Boteach is [in]famous also for equating breastfeeding with taking your breasts away from your husband and giving them entirely to your son… (LT tries to follow SB’s line of reasoning and concludes: ewww!) …says it’s tantamount to (or just short of) having an affair. (Google the rabbi’s name with breastfeeding, I don’t want to give him more traffic myself.) I suspect, though I only have anecdotes on this, that many many Middle Eastern moms and dads from various centuries might disagree w/R. Boteach on this one. He apparently doesn’t think women’s bodies are “shapely enough” when they might be geared up also for nourishing infants.
Maybe some readers here would agree with Rabbi B and blame feminism itself (“Boteach blames feminism-not for demanding equal rights, but for toppling femininity from its position of dignity, refinement and presumed superiority over masculinity and for proclaiming a ‘farcical notion of equivalence’ that pushes women to be as gross and callous as men while depriving them of the moral authority to admonish and correct male loutishness.”

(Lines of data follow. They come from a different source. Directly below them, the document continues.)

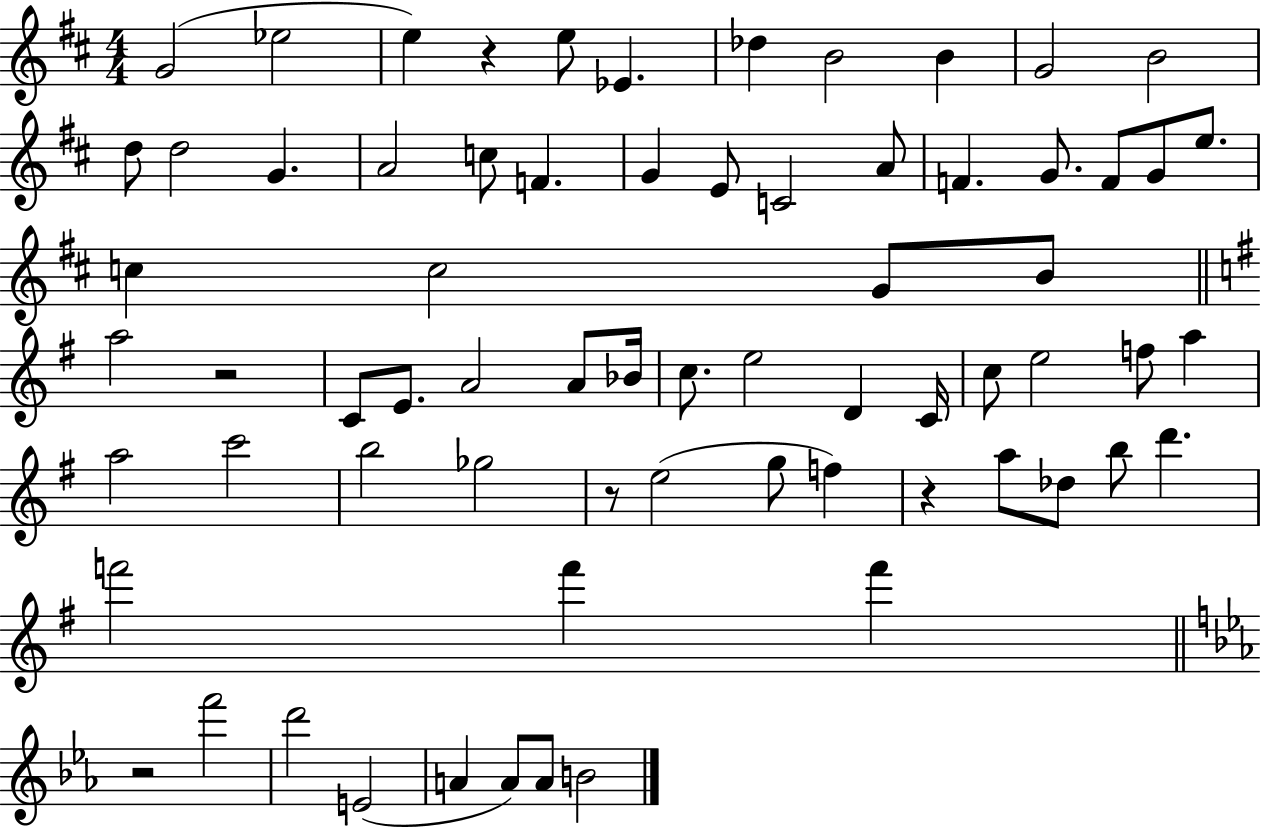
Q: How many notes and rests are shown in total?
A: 69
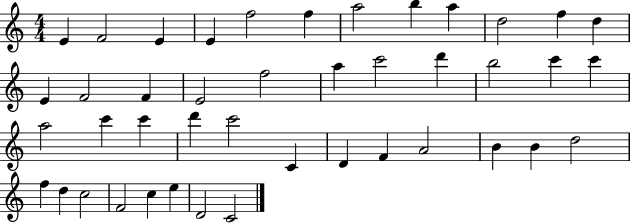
X:1
T:Untitled
M:4/4
L:1/4
K:C
E F2 E E f2 f a2 b a d2 f d E F2 F E2 f2 a c'2 d' b2 c' c' a2 c' c' d' c'2 C D F A2 B B d2 f d c2 F2 c e D2 C2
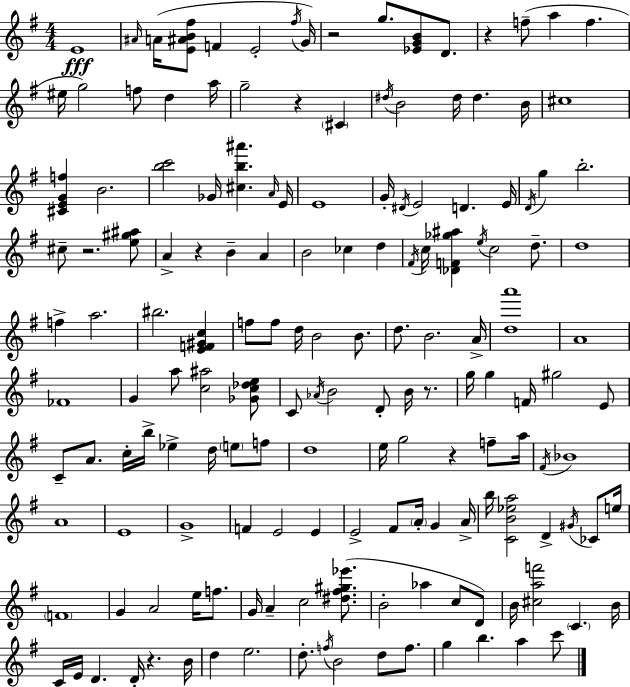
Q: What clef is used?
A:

But I notice that the psychologists who publish on Aish.com are much more up on the scientific underpinnings of their craft…
One footnote I would add, for anyone who’s got a particular woman they’re concerned about, that for postpartum depression, there have been some advances since that APA publication… would be a good place to start. (Turns out that effects of social support– is anyone giving the new mom help with housework, breaks, etc– and certain nutritional deficiencies are much bigger actors than hormones themselves, per Kendall-Tackett’s reviews of lit.)
Sorry so long a post– & thanks for dispersing the hype!